[Work to be completed] With the pictures left out, restate exactly the part below that opens with the line containing "smiling_riddle online show" and closes with the line containing "29222 Legends Green".

[Information shown]
-----

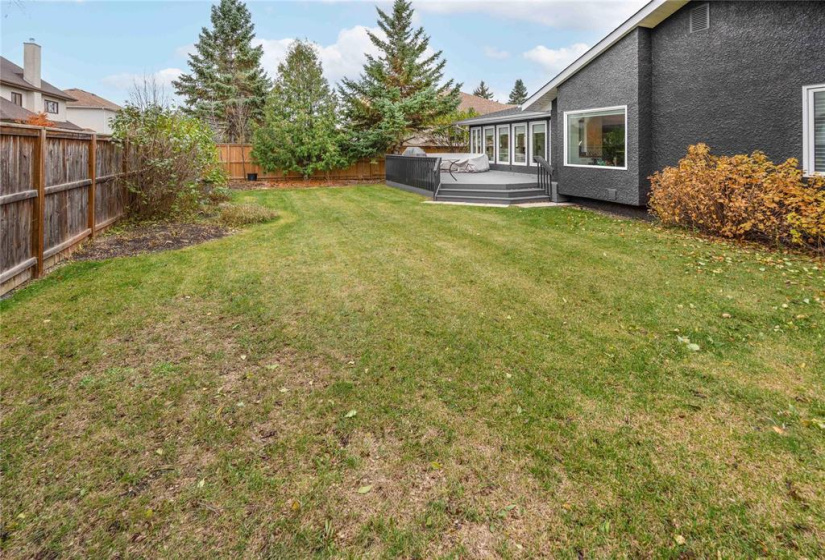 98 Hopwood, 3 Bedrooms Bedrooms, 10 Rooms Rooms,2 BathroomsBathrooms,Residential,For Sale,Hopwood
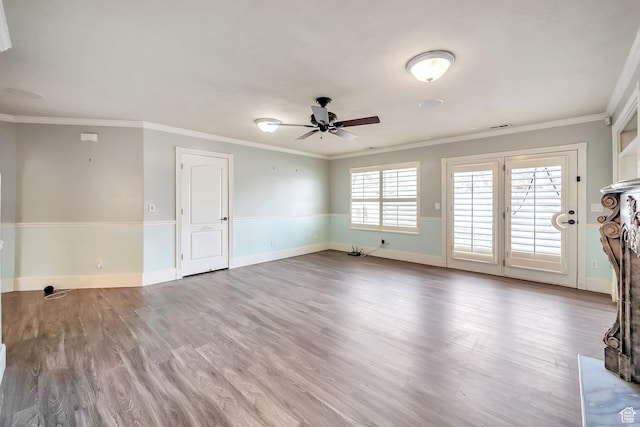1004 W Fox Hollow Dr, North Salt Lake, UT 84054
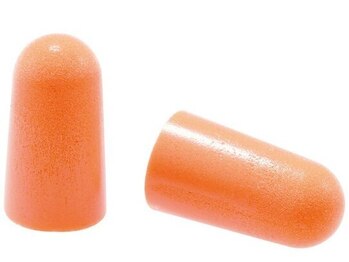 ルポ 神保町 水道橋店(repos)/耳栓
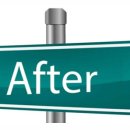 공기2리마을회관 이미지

-----

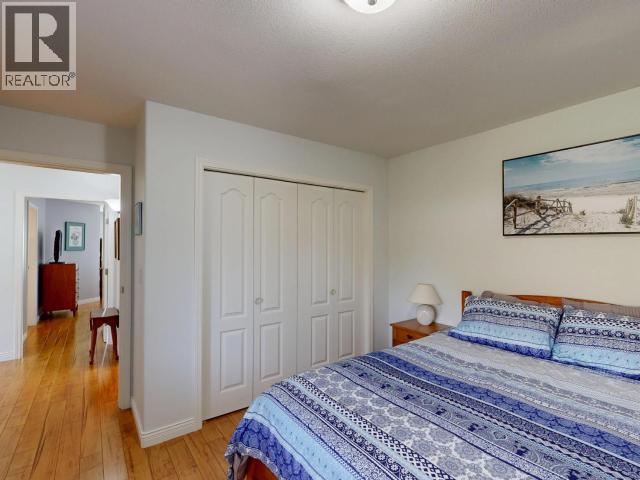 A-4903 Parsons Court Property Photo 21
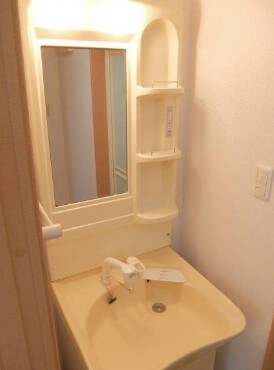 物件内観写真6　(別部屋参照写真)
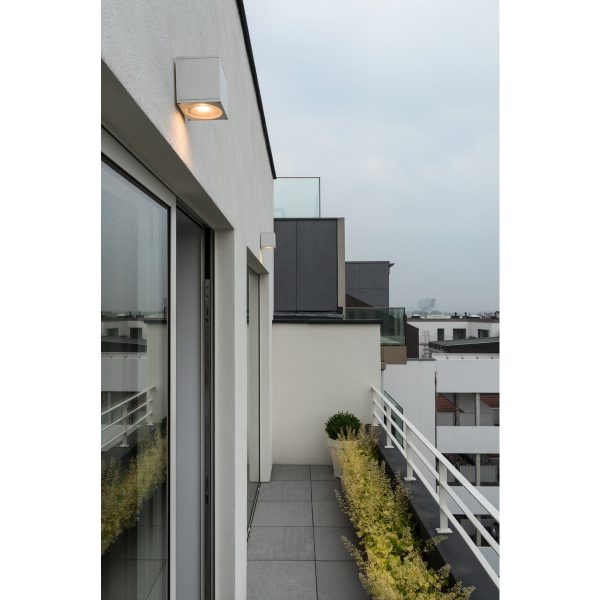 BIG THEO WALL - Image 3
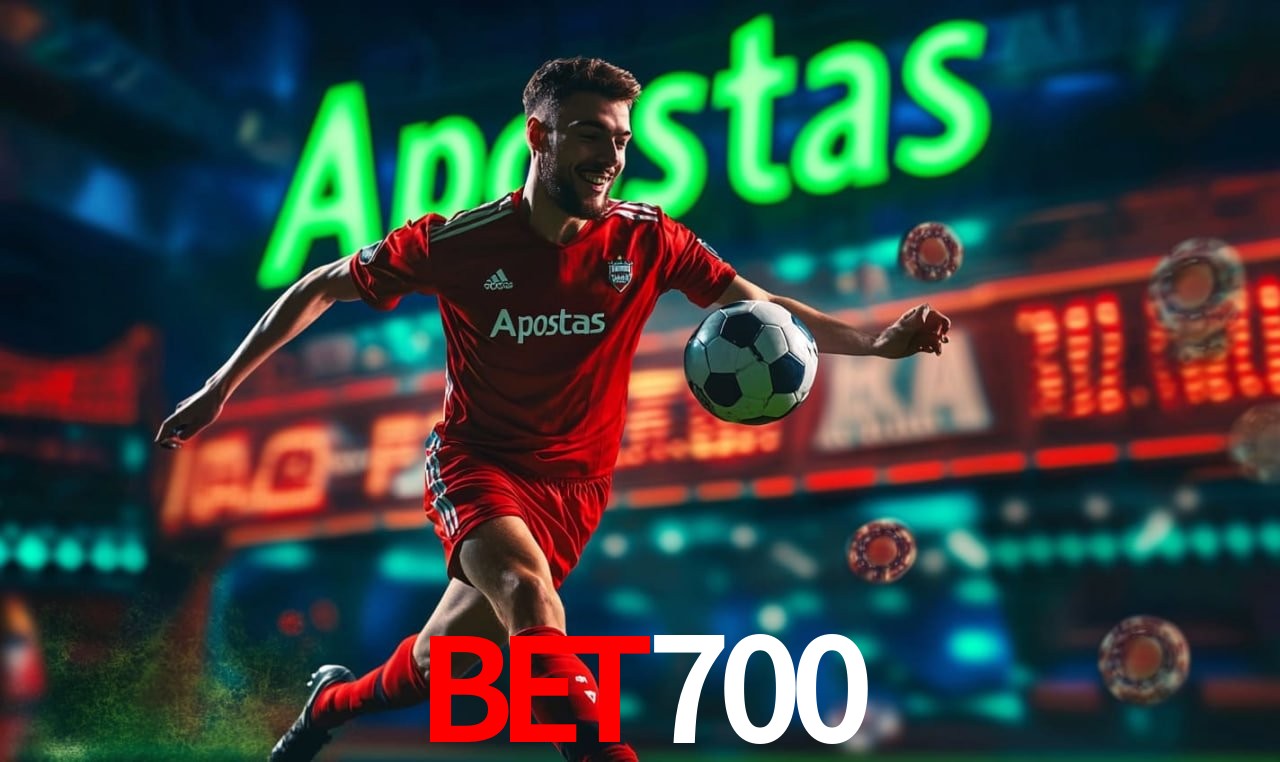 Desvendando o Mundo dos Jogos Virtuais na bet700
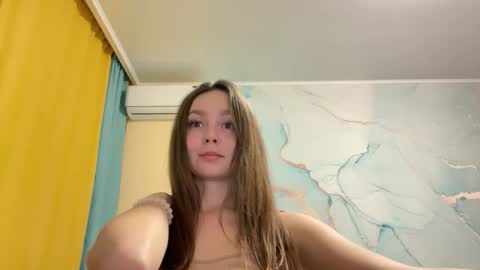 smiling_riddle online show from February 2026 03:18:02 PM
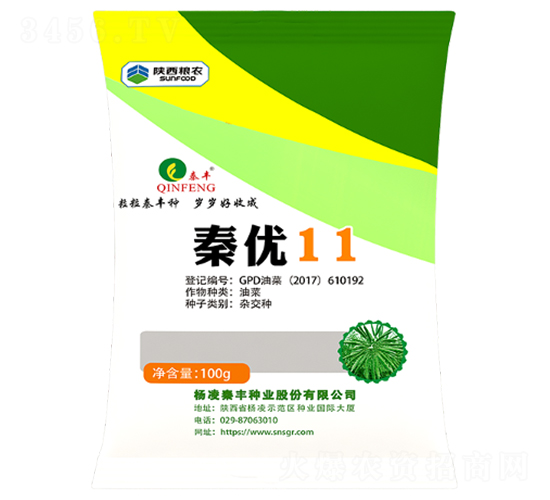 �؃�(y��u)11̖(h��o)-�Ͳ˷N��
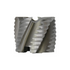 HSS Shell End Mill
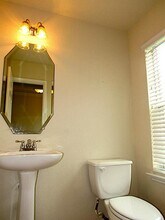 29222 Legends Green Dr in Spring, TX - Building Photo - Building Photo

-----

[Answer for this exercise]
 smiling_riddle online show from February 2026 03:18:02 PM
 �؃�(y��u)11̖(h��o)-�Ͳ˷N��
 HSS Shell End Mill
 29222 Legends Green Dr in Spring, TX - Building Photo - Building Photo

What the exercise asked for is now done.